The Henna Artist - Alka Joshi Page 0,4

on foot. As much running water as I wanted instead of begging my landlady to fill my mutki. A front door to which only I had the key. A house no one could force me to leave. At fifteen, I’d been turned out from my village to marry when my parents could no longer afford to feed me. Now I could afford to feed them, take care of them. They hadn’t responded to any of the letters or gifts of money I’d sent over the years, but surely they would change their minds and come to Jaipur now that I was offering them a bed in my very own home? My parents would finally see that everything had turned out all right. Until we were reunited, I would keep my pride in check. Hadn’t Gandhi-ji said, An eye for an eye makes the whole world blind?

* * *

The sound of breaking glass startled us. I watched a cricket ball roll across the carpet and come to rest in front of the divan. A moment later, Ravi, Parvati’s older son, walked through the veranda doors, bringing with him the November chill.

“Bheta! Close that door at once!”

Ravi grinned. “I pitched a burner and Govind wasn’t ready for it.” He spotted the ball near the divan and scooped it up.
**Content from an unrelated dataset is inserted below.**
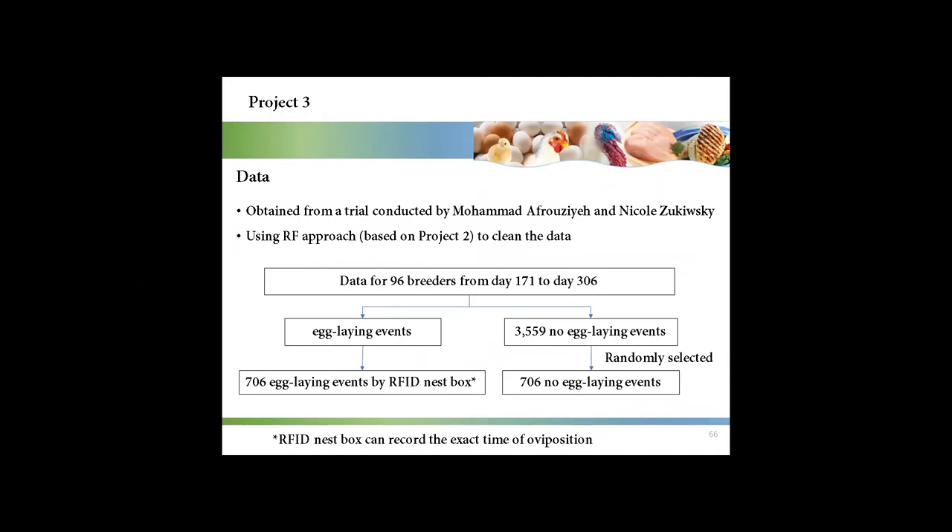Data for this project were obtained from a trial conducted by my colleagues Muhammad and Nico, and were cleaned using the approach from my second project. Data for 96 breeders from day 171 to day 306 were used. In the trial, both the RFID nest box and the traditional trapped nest box were used. Compared with the traditional trapped nest box, the RFID nest box can record the exact time of oviposition. In the end, 706 egg-laying events were recorded by the RFID nest box, and the same number of no-egg-laying events were randomly selected.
“He’s so much younger than you are, Ravi.” Parvati was indulgent with her sons, especially with the younger boy, Govind, the child who in her opinion was surely the product of my henna applications (I had done nothing to discourage that notion).

Since I’d last seen him, Ravi had grown taller and broader across the shoulders. His square chin and jaw, so much like his father’s, were now shadowed. He must have started shaving. With the rosy complexion and long eyelashes he had inherited from his mother, he was almost pretty.

He tossed the ball in the air, and caught it, with one hand behind his back. “Is there tea?” It could have been his father speaking—so alike was their boarding-school English.

Parvati rang the silver bell she kept next to the divan. “You and Govind take yours on the lawn. And tell the chowkidar we need a glass-walla to replace the pane.”

Ravi grinned at us, winking at me on his way out. He closed the door so carelessly another shard of glass fell out. I watched him jog gracefully across the lawn. Three gardeners, their heads wrapped in mufflers, were weeding, watering and trimming hibiscus shrubs and sweet honeysuckle vines in the back garden.

Ravi’s appearance was the perfect segue to what I’d come here to accomplish. Still, I needed to move forward cautiously.

“Home from boarding school?”

“Hahn. I wanted Ravi to help me cut the ribbon on the new gymkhana. You know Nehru-ji—how he wants to modernize India.” She sighed and laid her head against the cushion, as if she were besieged by daily calls from the prime minister. For all I knew, she was.

Lala entered with a silver tea tray. While I took out the savories I had cooked especially for Parvati from a tiffin, I heard her say to the older woman, “Did I not tell you to send her away?” Her voice was reproachful.

The servant put her hands together in prayer, touching them to her lips. “My niece has nowhere to go. I am her only family now. Please, Ji. We are at your mercy. Won’t you reconsider?”

I had never seen Lala so distressed. I turned away, afraid she was about to drop to her knees. A shrine for Lord Ganesh sat on a small table beside the four-poster bed. A garland of gardenias and another of tulsi leaves were draped around the statue, in front of which a diya burned. As modern as she liked to portray herself, Parvati spent every morning praying to the gods. I used to pray to my namesake, Lakshmi, the Goddess of Beauty and Wealth. Maa loved reciting the story of the Brahmin farmer who offered his scythe, his sole possession, to the goddess. In gratitude, she gave the farmer a magic basket that produced food any time he desired. But that was only a story, as true as any other Maa told and, at seventeen, I turned my back on the gods, just as now I turned away from Ganesh’s shrine.

Parvati was still addressing Lala. “I wouldn’t want to lose you, too, Lala. See that the girl is gone today.” She glared at Lala until the servant dropped her gaze, her shoulders drooping.